If Trump loses, he will not squat in the White House, surrounded by a Praetorian Guard of MAGA-hat-wearing gun enthusiasts. He will, however, retreat to Trump Tower, rename it Barad-dûr, and spend the next four years plotting his revenge

Jimmy Carter may only have served one troubled term as president, but he has served the four decades since as the most respected of elder statesmen. George H.W. Bush quietly retired in 1993, passing his family’s political ambitions on to George and Jeb. It is said that Gerald Ford seriously considered returning as vice president for a second time around in 1980, before committing to the clubhouse and the boardroom.  But all of them could have made another tilt at the presidency if they had wanted to. Technically, the 95-year-old Carter still can.

And, should he lose the election this November, so too could Donald Trump.

America’s political elite is desperate to avoid a Trump win, taking cheer from opinion polls that give his Democratic challenger Joe Biden a decisive lead. Whatever they may think of Biden, his fellow Democrats yearn for a return to normalcy — and a return to power.  Many Republicans are also quietly (or not so quietly) ready to put the Trump Era behind them. Diehard anti-Trumpers, having given up their hopes for a stock market crash to bring down the president, sometimes actually seem to be rooting for the coronavirus. Anything to stop Trump.

But even if Trump does go down in November, don’t expect him to “go gently into that good night.”  No, Donald Trump is not going to stage a coup, as contributors to the Guardian, the Atlantic, and even Foreign Policy have suggested with straight (if somewhat tortured) faces. That’s plain ridiculous. If Trump loses, he will not squat in the White House, surrounded by a Praetorian Guard of MAGA-hat-wearing gun enthusiasts. He will, however, retreat to Trump Tower, rename it Barad-dûr, and spend the next four years plotting his revenge.

If there’s one thing we can all agree on in a divided America, it’s that if Trump loses the 2020 election, he will claim that it was stolen from him: by the liberal elite, by the mainstream media, by ballot fraud, by Democratic judges, by Republican Never Trumpers, by the coronavirus, by whatever. He will not gracefully accept defeat and grudgingly support a Biden presidency. He will demand a rematch, and in 2024, he will get it.

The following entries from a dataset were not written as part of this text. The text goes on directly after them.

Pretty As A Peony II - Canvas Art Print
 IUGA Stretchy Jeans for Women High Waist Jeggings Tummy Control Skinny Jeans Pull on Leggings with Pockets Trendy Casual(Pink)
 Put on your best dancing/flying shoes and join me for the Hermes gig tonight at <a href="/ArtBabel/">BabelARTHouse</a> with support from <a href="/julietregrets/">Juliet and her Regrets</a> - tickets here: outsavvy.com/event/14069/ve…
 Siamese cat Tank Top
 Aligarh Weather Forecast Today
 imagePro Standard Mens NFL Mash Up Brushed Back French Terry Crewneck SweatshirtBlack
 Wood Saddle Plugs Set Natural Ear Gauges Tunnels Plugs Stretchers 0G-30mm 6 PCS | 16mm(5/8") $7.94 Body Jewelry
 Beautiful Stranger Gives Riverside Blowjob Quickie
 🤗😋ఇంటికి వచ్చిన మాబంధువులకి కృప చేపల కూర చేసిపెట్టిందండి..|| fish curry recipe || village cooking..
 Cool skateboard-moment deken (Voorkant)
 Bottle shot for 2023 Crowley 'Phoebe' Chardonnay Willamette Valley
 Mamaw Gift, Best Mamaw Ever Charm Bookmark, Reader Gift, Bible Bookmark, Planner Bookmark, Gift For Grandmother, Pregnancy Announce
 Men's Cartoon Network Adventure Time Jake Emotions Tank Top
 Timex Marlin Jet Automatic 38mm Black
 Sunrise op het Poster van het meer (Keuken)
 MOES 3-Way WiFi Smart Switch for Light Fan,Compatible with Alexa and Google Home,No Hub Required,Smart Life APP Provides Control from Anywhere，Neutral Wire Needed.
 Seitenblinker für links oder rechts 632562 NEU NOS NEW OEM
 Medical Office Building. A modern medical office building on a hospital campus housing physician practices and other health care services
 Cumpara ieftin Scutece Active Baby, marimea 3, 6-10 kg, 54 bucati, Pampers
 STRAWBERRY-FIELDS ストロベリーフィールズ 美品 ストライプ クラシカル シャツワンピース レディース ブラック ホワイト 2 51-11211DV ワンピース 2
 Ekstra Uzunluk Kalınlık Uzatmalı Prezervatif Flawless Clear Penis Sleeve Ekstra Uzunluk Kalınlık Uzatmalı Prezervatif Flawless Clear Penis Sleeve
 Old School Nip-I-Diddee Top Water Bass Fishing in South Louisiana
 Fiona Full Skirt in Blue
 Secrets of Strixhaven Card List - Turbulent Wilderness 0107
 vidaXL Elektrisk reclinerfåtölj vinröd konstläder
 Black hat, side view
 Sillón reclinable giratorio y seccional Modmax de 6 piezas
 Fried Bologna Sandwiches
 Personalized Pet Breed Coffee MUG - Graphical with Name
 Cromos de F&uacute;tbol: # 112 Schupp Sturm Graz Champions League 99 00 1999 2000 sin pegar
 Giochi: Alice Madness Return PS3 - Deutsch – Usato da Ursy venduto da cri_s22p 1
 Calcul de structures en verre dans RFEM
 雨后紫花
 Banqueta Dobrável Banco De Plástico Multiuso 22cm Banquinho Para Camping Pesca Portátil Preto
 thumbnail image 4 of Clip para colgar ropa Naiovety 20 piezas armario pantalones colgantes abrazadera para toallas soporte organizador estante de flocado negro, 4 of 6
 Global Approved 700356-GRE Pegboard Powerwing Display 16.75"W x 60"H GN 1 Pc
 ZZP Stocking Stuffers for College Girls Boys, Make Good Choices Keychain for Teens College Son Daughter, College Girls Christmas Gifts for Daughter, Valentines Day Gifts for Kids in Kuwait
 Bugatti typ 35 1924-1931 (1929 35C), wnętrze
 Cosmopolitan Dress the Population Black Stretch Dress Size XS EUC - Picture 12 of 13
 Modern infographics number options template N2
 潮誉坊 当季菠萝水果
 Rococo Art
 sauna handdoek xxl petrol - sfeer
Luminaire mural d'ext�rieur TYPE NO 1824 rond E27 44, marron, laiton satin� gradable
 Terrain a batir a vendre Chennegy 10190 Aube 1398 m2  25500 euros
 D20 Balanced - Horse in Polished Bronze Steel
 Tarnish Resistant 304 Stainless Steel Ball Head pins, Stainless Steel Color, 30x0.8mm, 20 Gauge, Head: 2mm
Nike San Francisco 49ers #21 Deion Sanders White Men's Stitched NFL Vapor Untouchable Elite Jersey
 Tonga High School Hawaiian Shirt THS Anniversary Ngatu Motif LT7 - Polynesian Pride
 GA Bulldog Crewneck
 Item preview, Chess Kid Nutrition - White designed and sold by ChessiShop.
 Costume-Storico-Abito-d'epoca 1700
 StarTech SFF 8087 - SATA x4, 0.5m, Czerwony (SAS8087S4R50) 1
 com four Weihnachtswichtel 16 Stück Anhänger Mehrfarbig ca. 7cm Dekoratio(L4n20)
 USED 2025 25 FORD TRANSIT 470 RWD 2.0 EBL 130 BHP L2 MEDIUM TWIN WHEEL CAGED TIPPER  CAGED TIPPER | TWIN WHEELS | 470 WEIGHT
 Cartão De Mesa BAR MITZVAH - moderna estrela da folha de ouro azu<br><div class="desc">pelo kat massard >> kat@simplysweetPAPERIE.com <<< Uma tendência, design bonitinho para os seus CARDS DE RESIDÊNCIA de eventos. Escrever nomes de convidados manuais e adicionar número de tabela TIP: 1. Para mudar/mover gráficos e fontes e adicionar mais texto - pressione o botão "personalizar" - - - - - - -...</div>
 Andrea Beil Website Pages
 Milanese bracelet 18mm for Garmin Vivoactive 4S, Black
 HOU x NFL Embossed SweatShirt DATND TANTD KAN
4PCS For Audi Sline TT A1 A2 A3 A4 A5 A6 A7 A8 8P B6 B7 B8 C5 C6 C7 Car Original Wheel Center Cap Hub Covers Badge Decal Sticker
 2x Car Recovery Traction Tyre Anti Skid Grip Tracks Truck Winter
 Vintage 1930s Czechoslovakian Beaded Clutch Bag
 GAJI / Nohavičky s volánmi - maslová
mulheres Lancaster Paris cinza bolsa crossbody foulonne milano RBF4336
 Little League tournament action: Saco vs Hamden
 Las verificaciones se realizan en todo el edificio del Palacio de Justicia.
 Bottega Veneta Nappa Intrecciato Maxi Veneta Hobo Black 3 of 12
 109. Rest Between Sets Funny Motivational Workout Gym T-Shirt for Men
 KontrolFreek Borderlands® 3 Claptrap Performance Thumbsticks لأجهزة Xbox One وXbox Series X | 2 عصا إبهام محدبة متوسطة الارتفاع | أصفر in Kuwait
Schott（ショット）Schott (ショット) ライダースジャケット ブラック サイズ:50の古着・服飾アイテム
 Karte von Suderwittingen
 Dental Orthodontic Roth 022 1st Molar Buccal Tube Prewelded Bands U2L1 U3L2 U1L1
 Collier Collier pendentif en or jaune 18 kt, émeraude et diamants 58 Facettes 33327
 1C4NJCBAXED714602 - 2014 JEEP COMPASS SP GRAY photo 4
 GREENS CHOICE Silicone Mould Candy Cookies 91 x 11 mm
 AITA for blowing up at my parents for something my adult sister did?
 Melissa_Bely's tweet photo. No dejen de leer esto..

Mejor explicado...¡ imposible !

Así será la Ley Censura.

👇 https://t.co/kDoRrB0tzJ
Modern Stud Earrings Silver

Woe betide any Republican who stands in his way. Just as Hillary Clinton used her influence over the Democratic Party establishment to steamroll Bernie Sanders when it was “her turn” in 2016, Donald Trump will use his influence over the Republican Partybase to undermine any fellow Republican who has the temerity to suggest that it is time for a fresh face in 2024. Ex-president Trump will tower over the Republican field. And if the Republican Party dares to nominate someone else, the unlucky nominee will have to fight both the Democrats and Donald Trump.

It wouldn’t be the first time that a one-term president demanded a rematch four years later. In 1884, the Democrat Grover Cleveland squeaked out a victory over the Republican James G. Blaine by winning the Republican redoubt of Indiana and the (then) swing state of New York. Four years later, the Republicans nominated the former Indiana Senator Benjamin Harrison for president, paired with a former Representative from New York. They lost the popular vote, but won both states, booting Cleveland from the White House.

Grover Cleveland’s first lady, Frances Folsom Cleveland, is supposed to have exhorted the White House staff “to take good care of all the furniture and ornaments in the house, for I want to find everything just as it is now when we come back again four years from today.” And return she did. In 1892, her husband Grover brushed aside appeals to give someone else a chance, ignored policy differences that led rebel Democrats to from a breakaway Populist Party, and bulldozed his way back into the White House. Cleveland remains the only person to have served two non-consecutive terms as president, going down in history as the 22nd and 24th president of the United States.

Cleveland is now mainly remembered as the answer to a political trivia question: why is Donald Trump the 45th president, but only the 44th man to have held the office? But he set a precedent that it would be wise to keep in mind. Reelect Donald Trump, and the Trump Era in American politics will end promptly on January 20, 2025. Opt instead for Joe Biden, and it might last until the end of Trump’s (non-continuous) second term in 2029. Either way, Trump is not going to just go away for the next four years. Joe Biden may win the presidency, but even if he does, he will still be governing in the shadow of Donald Trump.

Salvatore Babones is an adjunct scholar at the Centre for Independent Studies and an associate professor at the University of Sydney.